Before data were subjected to the presented preprocessing procedure, a baseline correction was used ensuring intensity varies around zero in areas of noise. Here the median intensity value in a measurement part of pure noise was subtracted from the entire data matrix.
The two dimensions of drift time and signal intensity resulting from IMS, can be regarded in ion mobility spectra (Fig. 1a). Considering also the additional dimension of retention time, when analytes pass from the column into the IMS, the measurement can be illustrated in topological heatmaps, encoding the signal intensity by a colour scheme (Fig. 2a).
Results and discussion
Smoothing and denoising
The WTs in this study were executed with the programme package R [18] using the Daubechies extremal phase family function with length N = 8.
Applying one-dimensional wavelet smoothing with one compression level, first for all single spectra of a measurement, then for each time point across the spectra, a reduction to one quarter of the data points was achieved. The resulting data still contain the relevant information, but are more grainy and peaks are covered up to some degree by the amplified RIP tailing (Fig. 2a, b). At the same time, peak heights have increased, leading to an improved signal-to-noise ratio due to unchanged noise variation (Table 1, Fig. 2d, e).
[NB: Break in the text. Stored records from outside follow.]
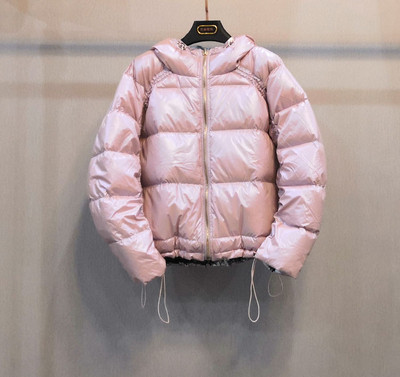 Rövid női kabát kapucnival és nyakkendővel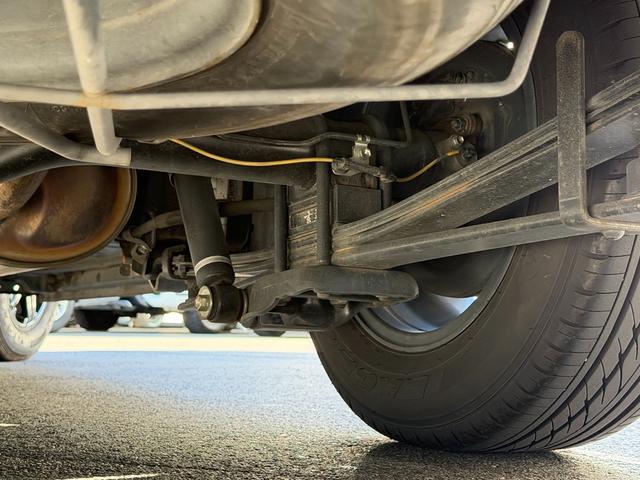 ハイエースバン スーパーＧＬ　ダークプライム　寒冷地仕様／ローダウン／１６インチアルミ／ベッドキット／フロントエアロ／７インチナビ／バックカメラ／（29枚目）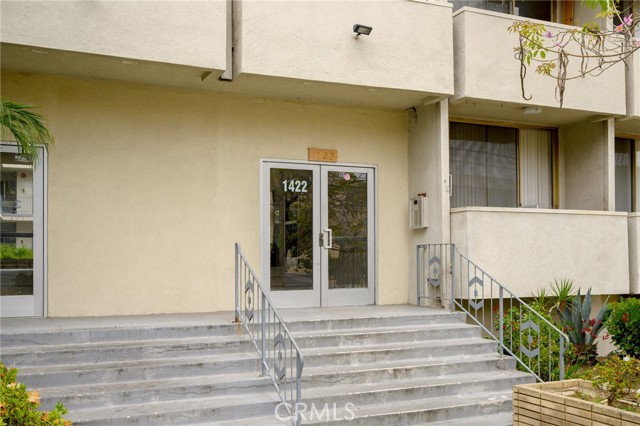 1422 N Curson Avenue, Los Angeles CA: https://media.crmls.org/medias/d29ffaaf-c8f9-4fe1-83a7-2fc499e02c7a.jpg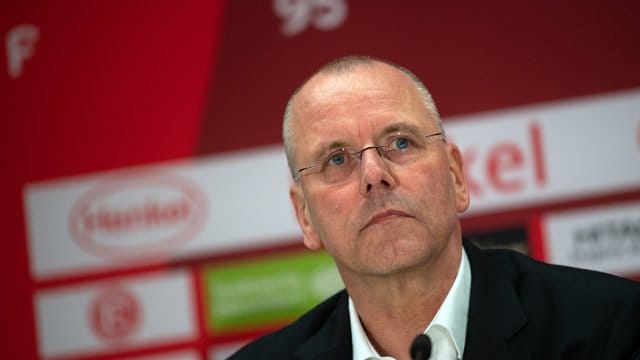 Thomas Röttgermann, Vorstandsvorsitzender von Fortuna Düsseldorf, sitzt auf dem Podium bei einer Pressekonferenz.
Beyond, the signal-to-noise ratio could be further improved, achieving smooth and non-spiky graphs (Fig. 2c and f), by denoising via soft thresholding [14] of a two-dimensional WT using Donoho’s universal threshold [19]. Peaks however tend to be relatively broad, thus hard thresholding, leading to sharper peak shapes, can also be indicated depending on the application. Unfortunately, a severe amplification of the RIP tailing appears concurrently with the beneficial effect of the increased signal-to-noise ratio, as it grows just like the peaks apparent in the data (Fig. 2c, f).
Adjustment of RIP tailing
Using the developed penalty term for parameter optimisation, a lognormal detailing function was fitted to the median spectrum of the regarded measurement to describe and set down the RIP tailing by subtraction of the resulting curve. Fitting the tailing accurately, the adjusted lognormal function with the parameters given in Fig. 3a can be subtracted from the median spectrum smoothly (Fig. 3a, c). This beneficial effect is also transferred to the entirety of the spectra of a measurement (Fig. 3b, d).
Combined preprocessing
Applying the RIP detailing prior to the introduced combination of smoothing and denoising by WT, peaks become more clear in the spectra parts after the RIP, while the advantageous effects of the wavelet operations are retained (Fig. 4). The varying impact of detailing on peaks in the different spectra parts can be quantified by consideration of their peak heights before and after this transformation, showing only little influence on peaks in the latter spectra parts (Table 1).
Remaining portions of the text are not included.